■ TASK OBJECTIVE
So that nothing is lost, restate each entry exactly as supplied.

+++

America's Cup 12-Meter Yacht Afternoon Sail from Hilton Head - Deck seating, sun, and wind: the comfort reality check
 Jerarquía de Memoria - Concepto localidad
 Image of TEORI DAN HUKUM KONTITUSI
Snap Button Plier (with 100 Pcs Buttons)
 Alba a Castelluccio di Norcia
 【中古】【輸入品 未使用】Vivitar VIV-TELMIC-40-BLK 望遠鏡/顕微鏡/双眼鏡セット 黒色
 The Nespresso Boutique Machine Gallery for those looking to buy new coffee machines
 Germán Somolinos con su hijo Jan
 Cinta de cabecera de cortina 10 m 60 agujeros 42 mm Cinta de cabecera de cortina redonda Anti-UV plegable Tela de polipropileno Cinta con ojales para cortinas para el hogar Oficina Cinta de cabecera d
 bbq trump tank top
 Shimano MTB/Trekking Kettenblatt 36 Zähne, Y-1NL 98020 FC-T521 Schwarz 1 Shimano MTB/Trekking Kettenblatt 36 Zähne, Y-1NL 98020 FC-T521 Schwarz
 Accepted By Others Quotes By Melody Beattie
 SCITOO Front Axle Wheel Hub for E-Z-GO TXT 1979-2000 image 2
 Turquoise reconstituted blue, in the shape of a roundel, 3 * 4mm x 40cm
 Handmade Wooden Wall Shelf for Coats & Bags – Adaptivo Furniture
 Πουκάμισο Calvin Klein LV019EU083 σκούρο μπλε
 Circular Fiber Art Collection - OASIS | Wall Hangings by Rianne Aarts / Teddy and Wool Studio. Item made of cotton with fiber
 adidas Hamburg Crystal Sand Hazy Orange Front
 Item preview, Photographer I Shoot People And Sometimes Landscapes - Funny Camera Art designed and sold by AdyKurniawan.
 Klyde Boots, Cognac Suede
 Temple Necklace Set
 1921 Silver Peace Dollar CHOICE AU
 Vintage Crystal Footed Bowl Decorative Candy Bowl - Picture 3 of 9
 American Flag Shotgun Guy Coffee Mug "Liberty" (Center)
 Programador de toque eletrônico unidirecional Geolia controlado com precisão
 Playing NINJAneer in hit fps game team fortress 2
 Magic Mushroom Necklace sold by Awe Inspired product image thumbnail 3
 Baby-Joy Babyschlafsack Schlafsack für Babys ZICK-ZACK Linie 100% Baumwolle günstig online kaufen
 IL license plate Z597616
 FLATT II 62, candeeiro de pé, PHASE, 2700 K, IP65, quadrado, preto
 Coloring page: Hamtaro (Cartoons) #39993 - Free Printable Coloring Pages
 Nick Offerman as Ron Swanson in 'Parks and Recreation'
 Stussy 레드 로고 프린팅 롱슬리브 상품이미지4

+++

■ EXPECTED OUTPUT
America's Cup 12-Meter Yacht Afternoon Sail from Hilton Head - Deck seating, sun, and wind: the comfort reality check
 Jerarquía de Memoria - Concepto localidad
 Image of TEORI DAN HUKUM KONTITUSI
Snap Button Plier (with 100 Pcs Buttons)
 Alba a Castelluccio di Norcia
 【中古】【輸入品 未使用】Vivitar VIV-TELMIC-40-BLK 望遠鏡/顕微鏡/双眼鏡セット 黒色
 The Nespresso Boutique Machine Gallery for those looking to buy new coffee machines
 Germán Somolinos con su hijo Jan
 Cinta de cabecera de cortina 10 m 60 agujeros 42 mm Cinta de cabecera de cortina redonda Anti-UV plegable Tela de polipropileno Cinta con ojales para cortinas para el hogar Oficina Cinta de cabecera d
 bbq trump tank top
 Shimano MTB/Trekking Kettenblatt 36 Zähne, Y-1NL 98020 FC-T521 Schwarz 1 Shimano MTB/Trekking Kettenblatt 36 Zähne, Y-1NL 98020 FC-T521 Schwarz
 Accepted By Others Quotes By Melody Beattie
 SCITOO Front Axle Wheel Hub for E-Z-GO TXT 1979-2000 image 2
 Turquoise reconstituted blue, in the shape of a roundel, 3 * 4mm x 40cm
 Handmade Wooden Wall Shelf for Coats & Bags – Adaptivo Furniture
 Πουκάμισο Calvin Klein LV019EU083 σκούρο μπλε
 Circular Fiber Art Collection - OASIS | Wall Hangings by Rianne Aarts / Teddy and Wool Studio. Item made of cotton with fiber
 adidas Hamburg Crystal Sand Hazy Orange Front
 Item preview, Photographer I Shoot People And Sometimes Landscapes - Funny Camera Art designed and sold by AdyKurniawan.
 Klyde Boots, Cognac Suede
 Temple Necklace Set
 1921 Silver Peace Dollar CHOICE AU
 Vintage Crystal Footed Bowl Decorative Candy Bowl - Picture 3 of 9
 American Flag Shotgun Guy Coffee Mug "Liberty" (Center)
 Programador de toque eletrônico unidirecional Geolia controlado com precisão
 Playing NINJAneer in hit fps game team fortress 2
 Magic Mushroom Necklace sold by Awe Inspired product image thumbnail 3
 Baby-Joy Babyschlafsack Schlafsack für Babys ZICK-ZACK Linie 100% Baumwolle günstig online kaufen
 IL license plate Z597616
 FLATT II 62, candeeiro de pé, PHASE, 2700 K, IP65, quadrado, preto
 Coloring page: Hamtaro (Cartoons) #39993 - Free Printable Coloring Pages
 Nick Offerman as Ron Swanson in 'Parks and Recreation'
 Stussy 레드 로고 프린팅 롱슬리브 상품이미지4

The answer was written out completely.